Les années trente amorcent une prise de conscience de l’opinion publique sur ces zoos humains et le personnage de Victor le montre bien. Peu à l’aise dans ses études et dans son rôle de repreneur de l’entreprise familiale, il se révèle dans la dénonciation de cette abomination et va même jusqu’à se produire avec les « sauvages » :

« Victor Noblecourt, joues barrées de peinture vermillon, vêtu d’un manou et de quelques colliers de coquillages, Victor Noblecourt, frêle et blanc, qui, au milieu de l’enclos des cannibales, sous les crépitements des appareils photo, embrassait la foule d’un regard triomphant ».

Enfin, la postface de Pascal Blanchard, directeur notamment du catalogue d’exposition Exhibitions : l’invention du sauvage (musée du quai Branly 2011-2012), remet l’ouvrage en perspective et lui donne une caution scientifique.

Un documentaire pour aller plus loin 

Le même Pascal Blanchard est le réalisateur d’un documentaire poignant appuyé sur de nombreuses archives, Sauvages, au cœur des zoos humains, programmé en 2018 sur Arte et rediffusé récemment.

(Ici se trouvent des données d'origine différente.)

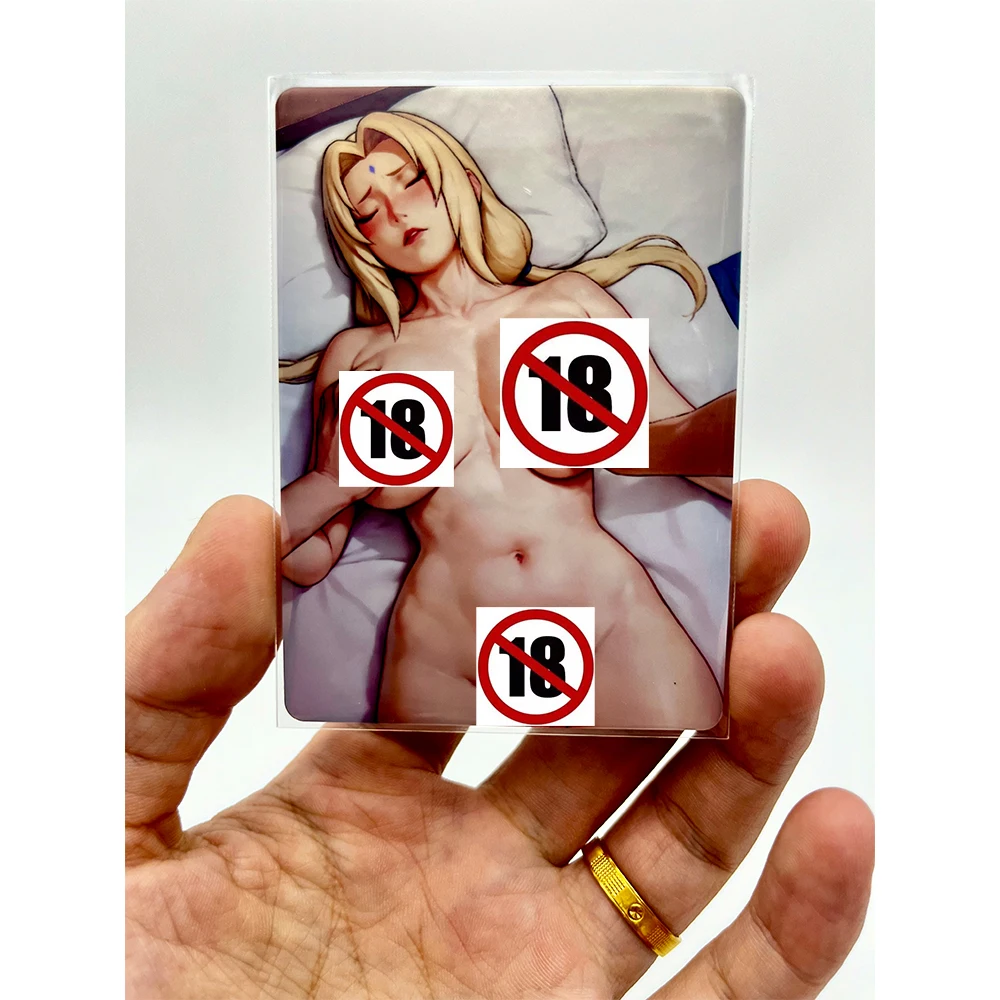 Naruto Cards 9PCS/Set DIY Anime Waifu Cards Sexy Nude Tsunade Hinata Sakura Decoration Collection Card Kids Toys Birthday Gifts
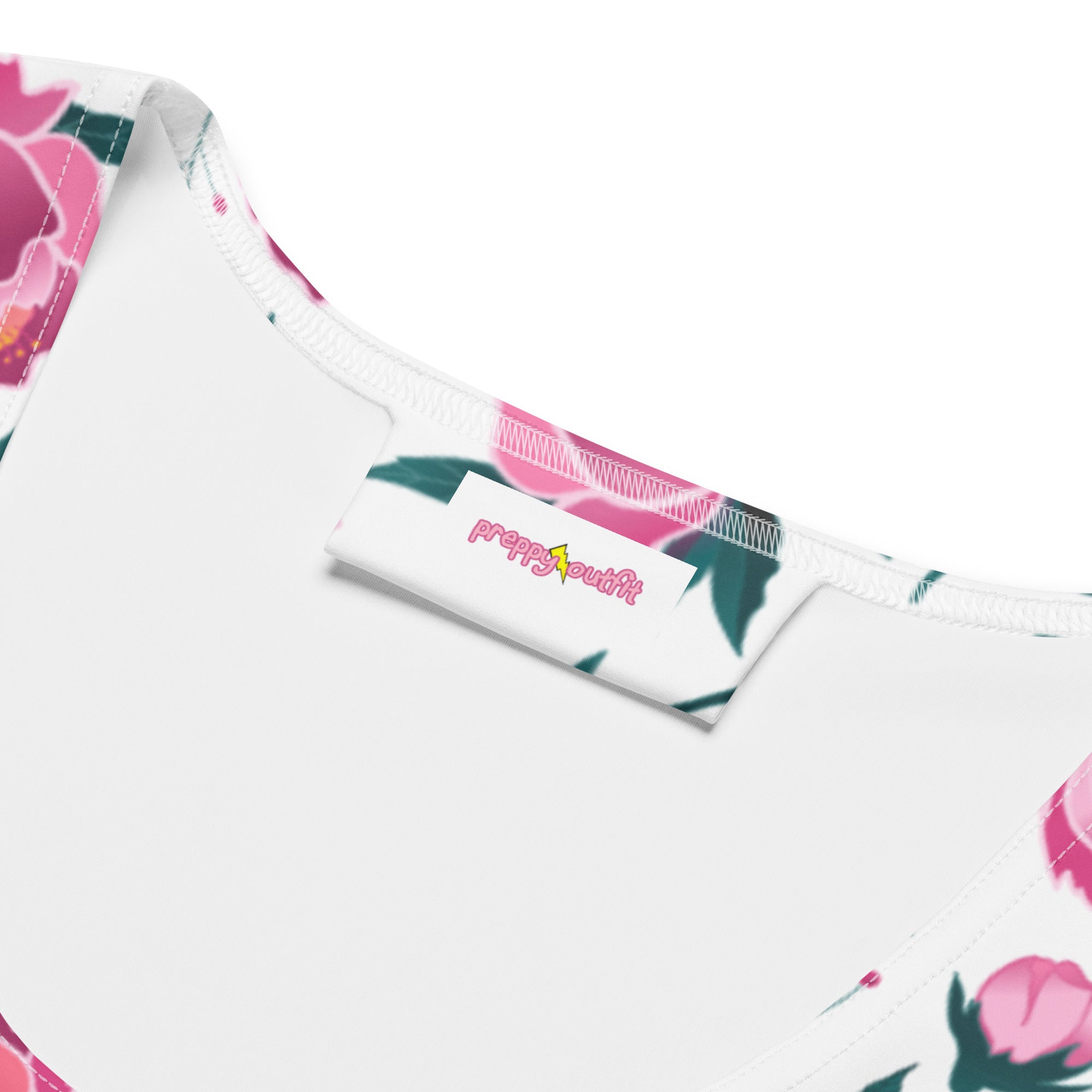 Preppy Pink Floral Print Summer Aesthetic Bodycon Dress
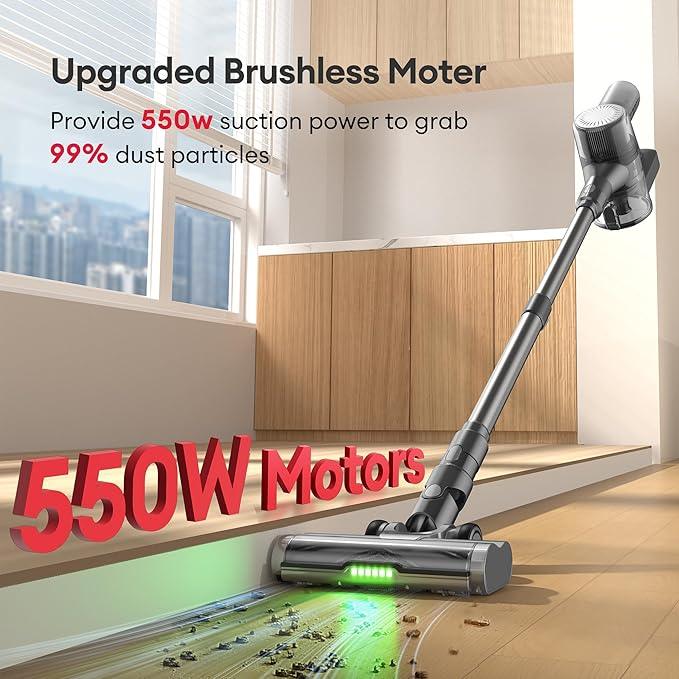 Ultenic Cordless Vacuum Cleaner, 550W 50Kpa Stick Vacuum with Car Dashboard Screen, Tangle-Free Brush for Pet Hair, Max 45mins Runtime, LED Display Tools for Hard Floor, Carpet, Car Cleaning, U12 - NeatNest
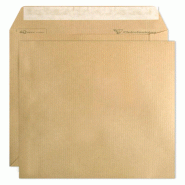 Clairefontaine Boîte de 500 pochettes kraft Mille Raies 162x229/C5, 90 g/m², adhésive avec bande - marron 742C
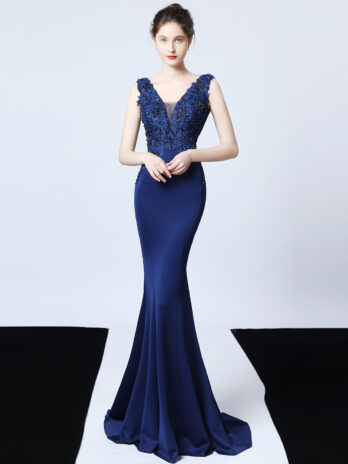 Wedding Handmade Applique Beaded Toast Clothing Bride Long Appreciation Dinner Slim-Fit Fishtail   Evening Dress Formal Gown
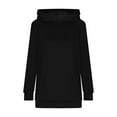thumbnail image 5 of Yievot Womens Casual Hoodies Long Sleeve Fall Sweatshirts Solid Loose Side Slit Pullover Tops with Pocket, 5 of 8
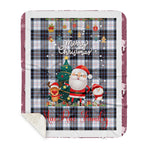 Personalized Gift Tartan Plaid Blanket Clan MacRae Dress Modern With Funny Santa Snowman Reindeer Merry Christmas Gift Sherpa Blanket, blue plaid sherpa blanket,blue tartan sherpa blanket,Buchan,buffalo plaid sherpa blanket,christmas sherpa blanket,Christmas Throw Blanket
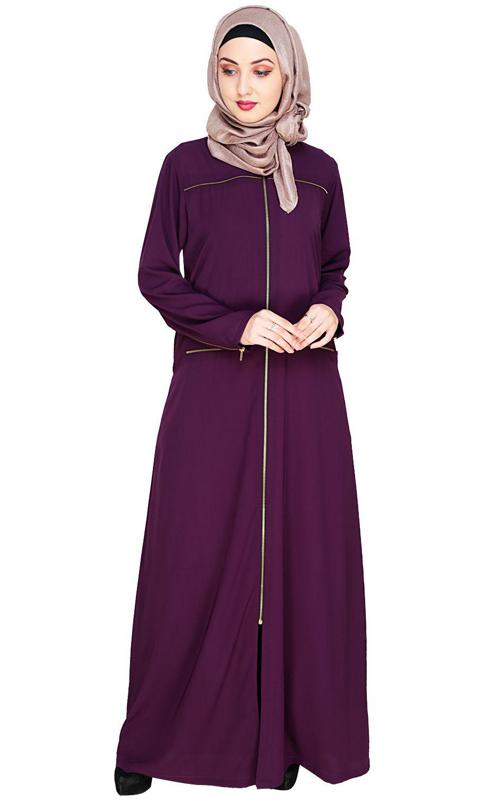 Metallic Zip Purple Abaya (Made-To-Order)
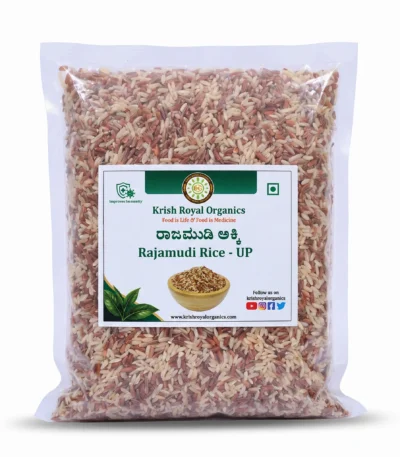 Rajamudi raw rice 1kg – chemical-free heritage Mysore red rice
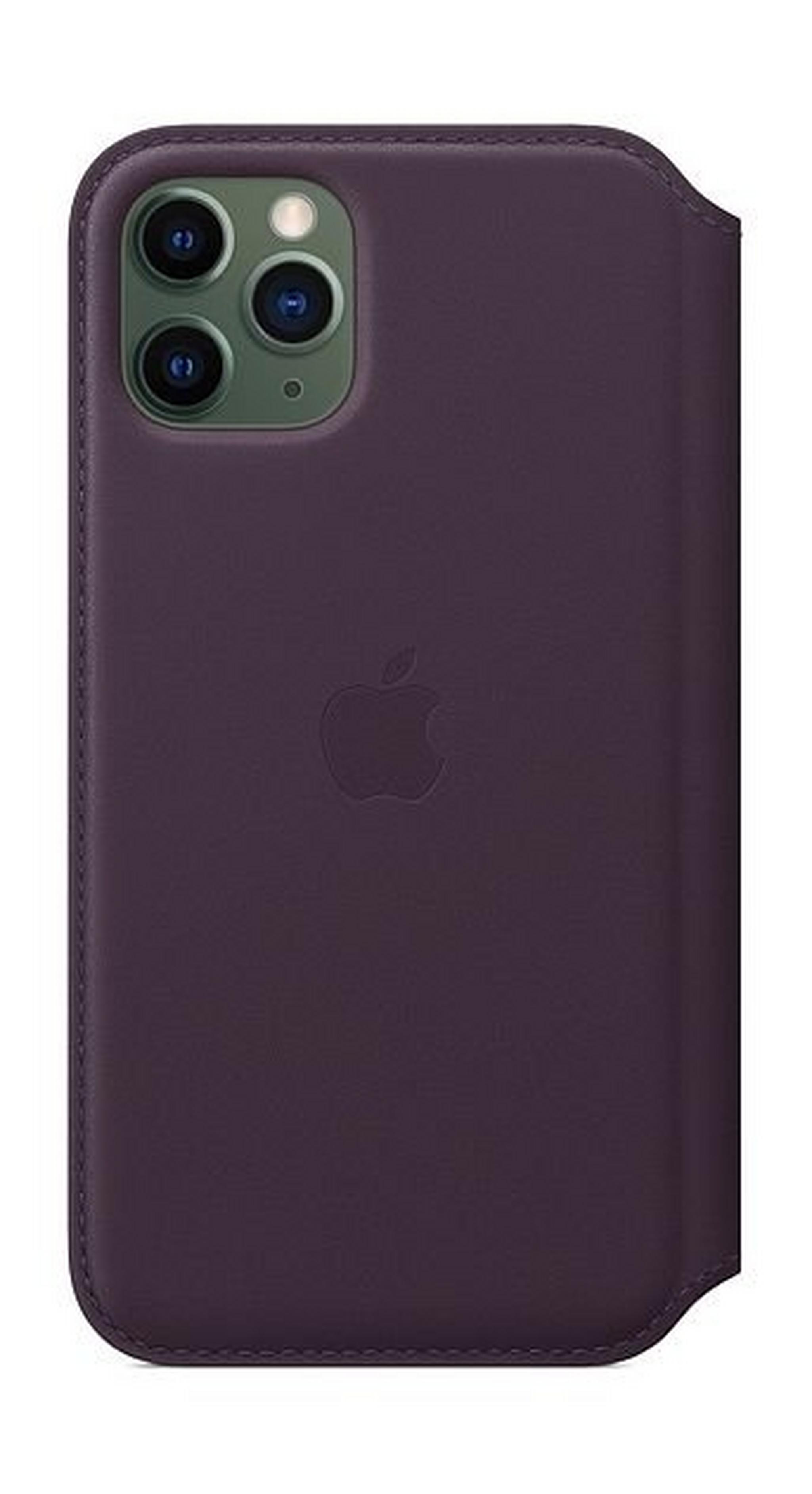 Apple iPhone 11 Pro Leather Folio Case - Aubergine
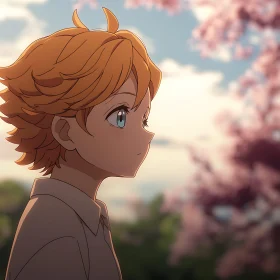 Reflective Anime Profile with Blossoms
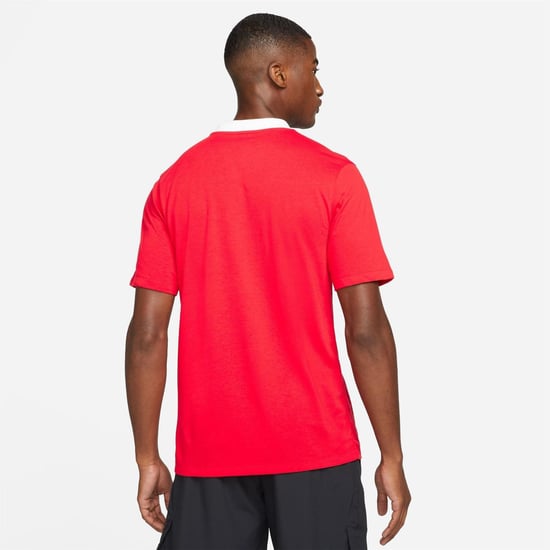 Men's Nike Printed Logo Collared Neck Short Sleeve Shirt in Red - Image 4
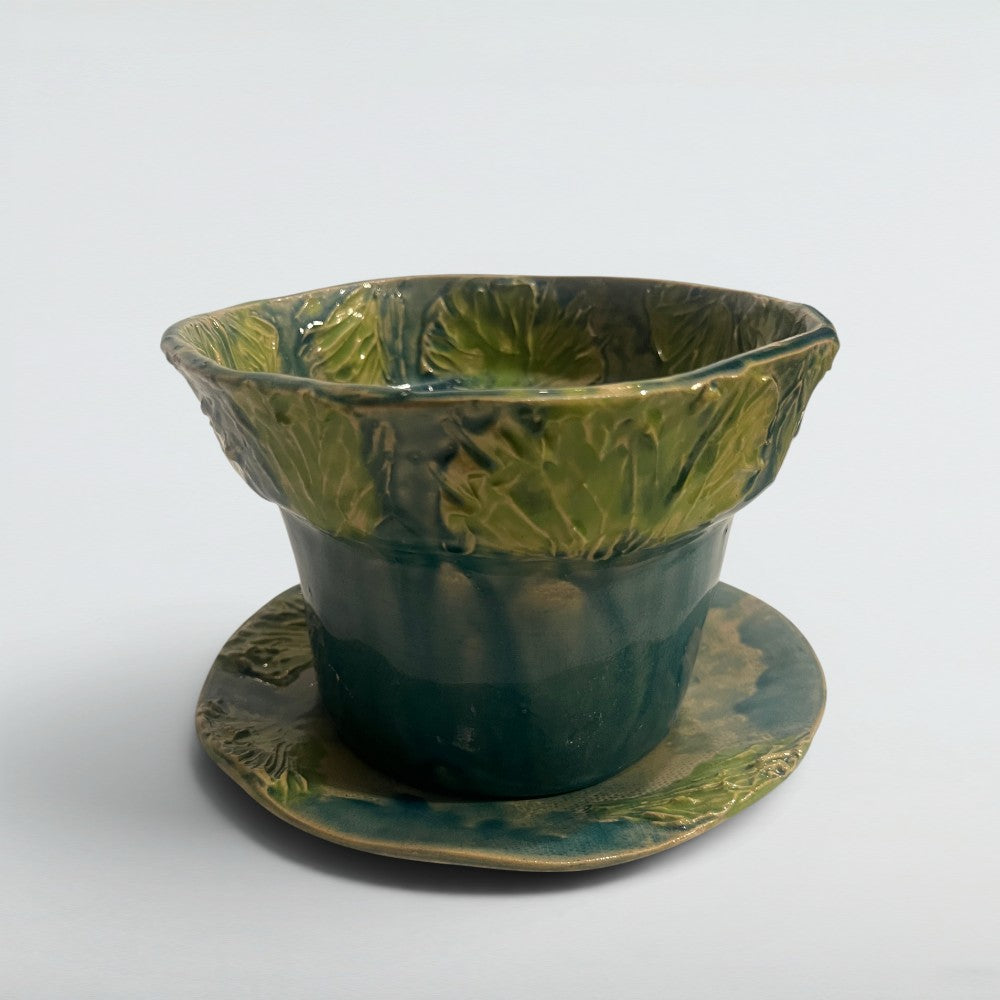 Dora Deco forest tea set — handmade stoneware, one of a kind, photo 1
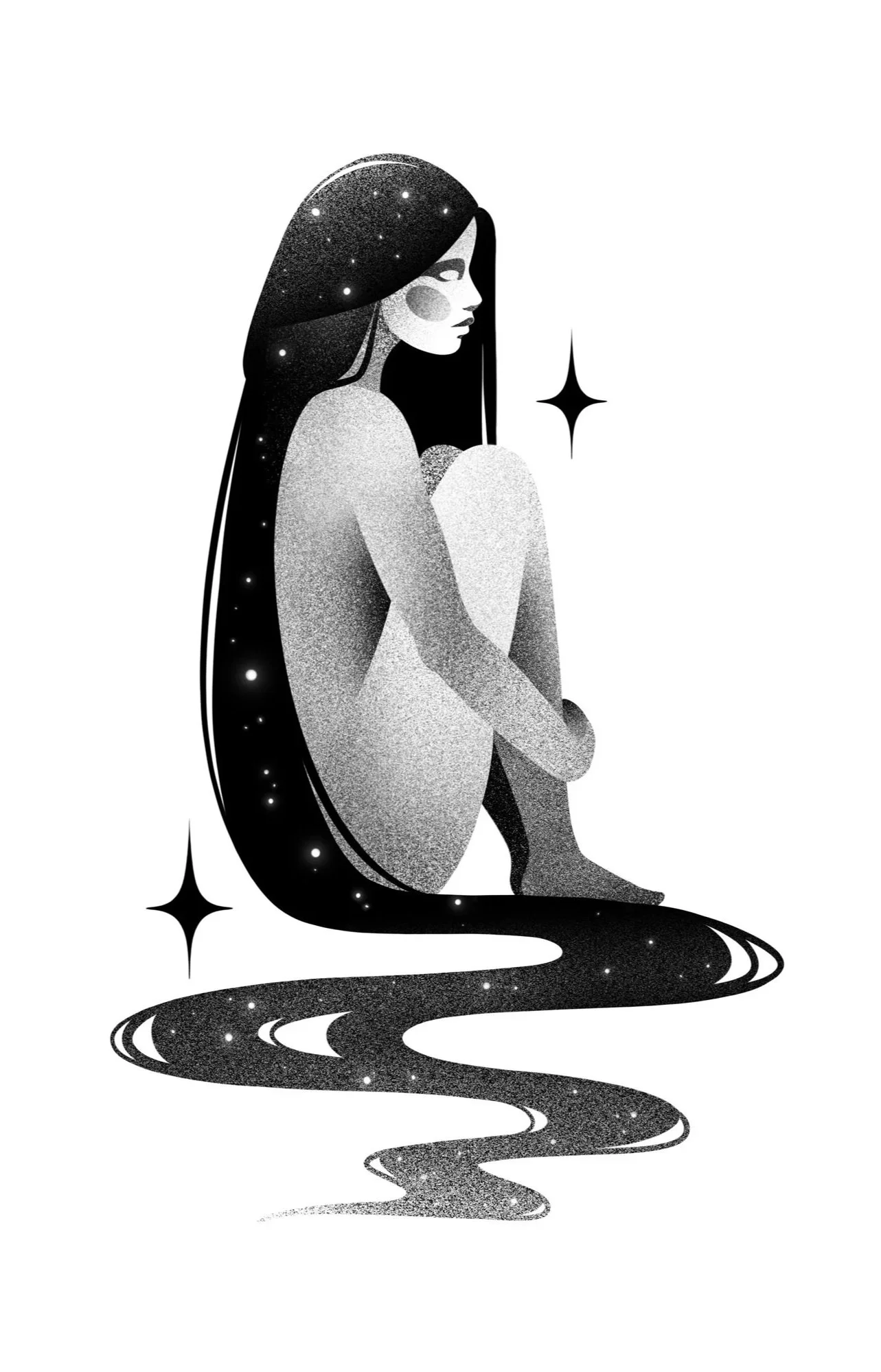 Black and white illustration of a woman sitting with her knees pulled up to her chest, her long hair flowing around her, sprinkled with stars and a galaxy-like appearance, with a star nearby, and a trail of starry, cosmic particles beneath her.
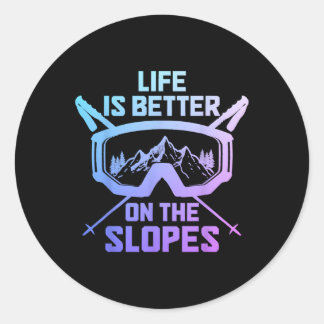 Adesivo Redondo A Vida É Melhor No Esqui De Esqui De Slopes No Win
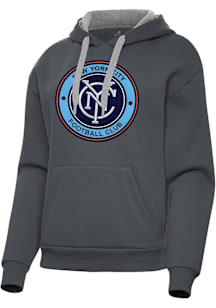 Antigua New York City FC Womens Charcoal Full Front Victory Hooded Sweatshirt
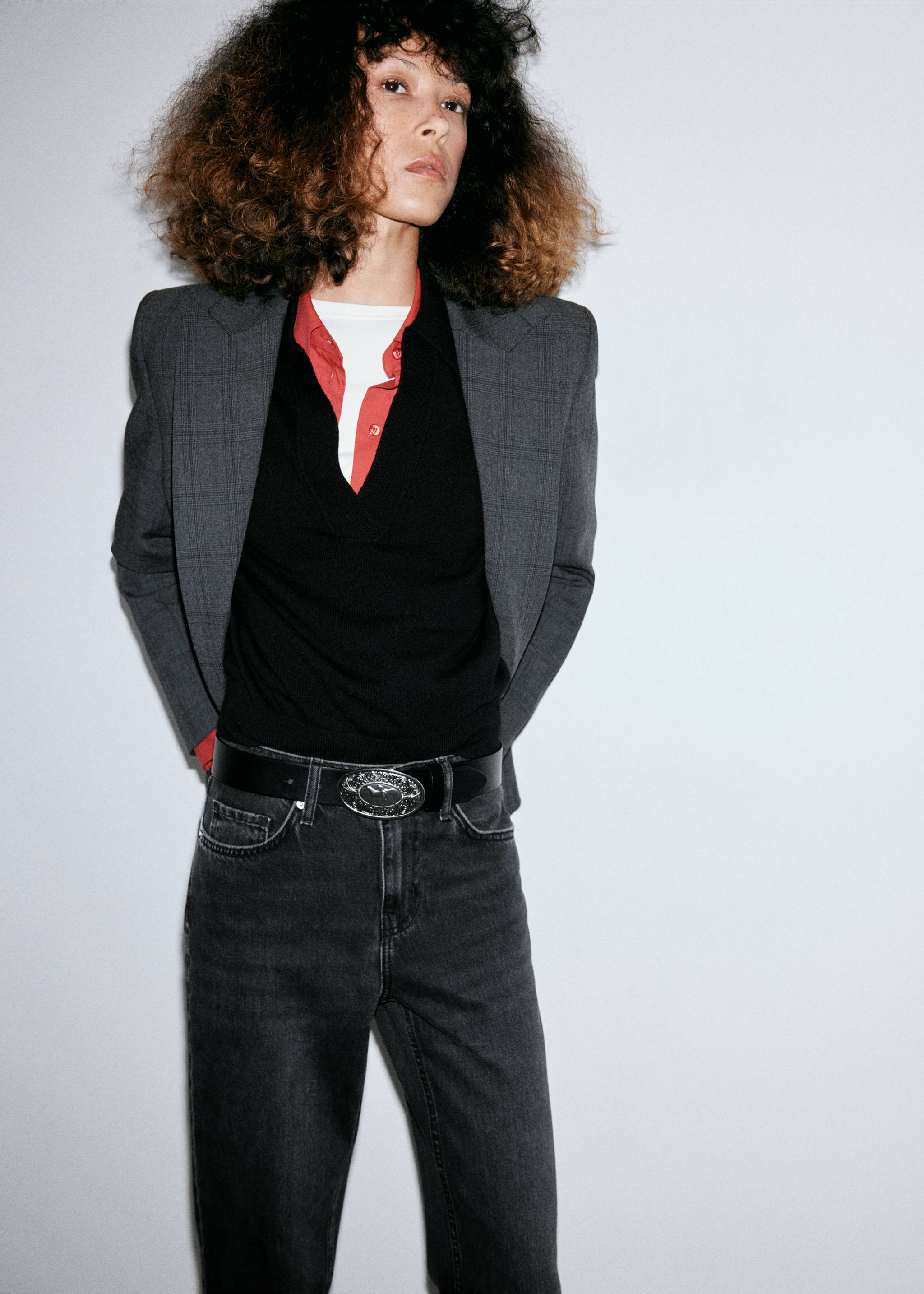 Grey denim jeans worn with a black belt, checked blazer and layered tops., Black denim. Ref: 37005888-01.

On y suit six parcours, dont celui de Petite Capeline, une fillette de 2 ans venue de Patagonie qui meurt d’une broncho-pneumonie au Jardin d’Acclimatation où elle est montrée à moitié nue. Des témoignages de descendants et des informations sur la politique de restitution des corps qui se met en place complètent ce tableau glaçant.

Signalons enfin la fondation de Lilian Thuram, pour qui « les zoos humains permettent de comprendre d’où vient le racisme », qui propose une exposition itinérante sur ce thème : Zoos humains. L’invention du sauvage.

                                                         

Marie-Christine Gaudefroy, lectrice du comité Jeunesse.
Septembre 2022

Annelise Heurtier : Des sauvages et des hommes. Casterman, 2022. Postface de Pascal Blanchard, spécialiste de la question coloniale.